SUPPLIED DATA:
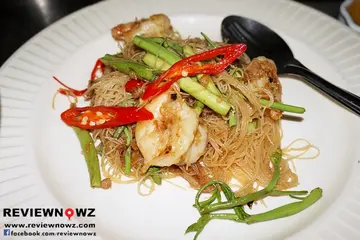 เส้นหมี่กระเฉดกุ้ง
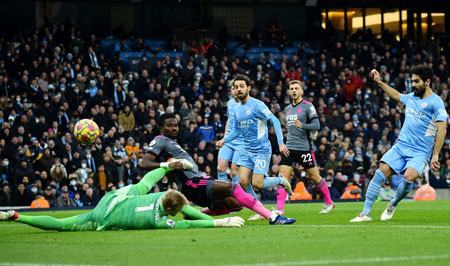 03h15 ngày 30/12, sân Brentford Community, vòng 20 Premier League, Brentford – Man City: Tiệc lớn, tiệc nhỏ liên tiếp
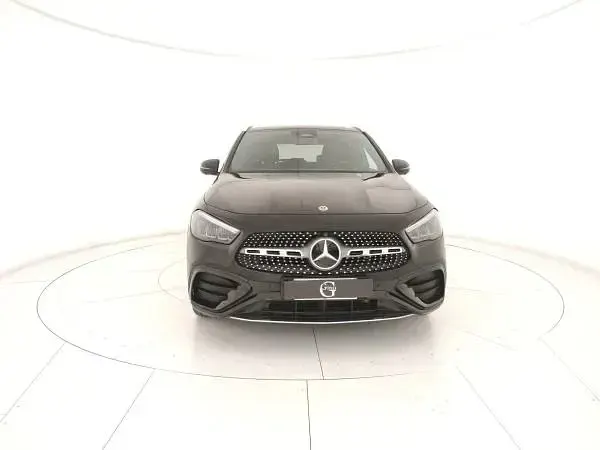 Usata Mercedes GLA200 AMG Line Premium 150 CV (110 kW) 2024 Nero SUV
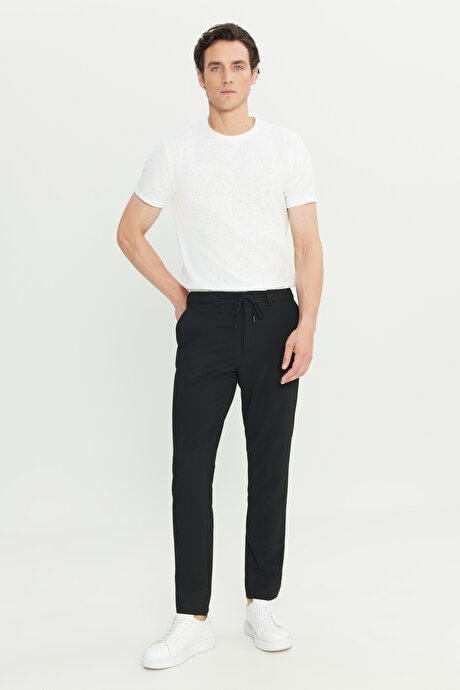 Slim Fit Dar Kesim Gofre Desenli Beli Bağlamalı Yan Cepli Travel Casual Siyah Pantolon resmi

PROMPT: Reproduce the entire listing exactly, but omit any pictures.

WRITTEN ANSWER:
 เส้นหมี่กระเฉดกุ้ง
 03h15 ngày 30/12, sân Brentford Community, vòng 20 Premier League, Brentford – Man City: Tiệc lớn, tiệc nhỏ liên tiếp
 Usata Mercedes GLA200 AMG Line Premium 150 CV (110 kW) 2024 Nero SUV
 Slim Fit Dar Kesim Gofre Desenli Beli Bağlamalı Yan Cepli Travel Casual Siyah Pantolon resmi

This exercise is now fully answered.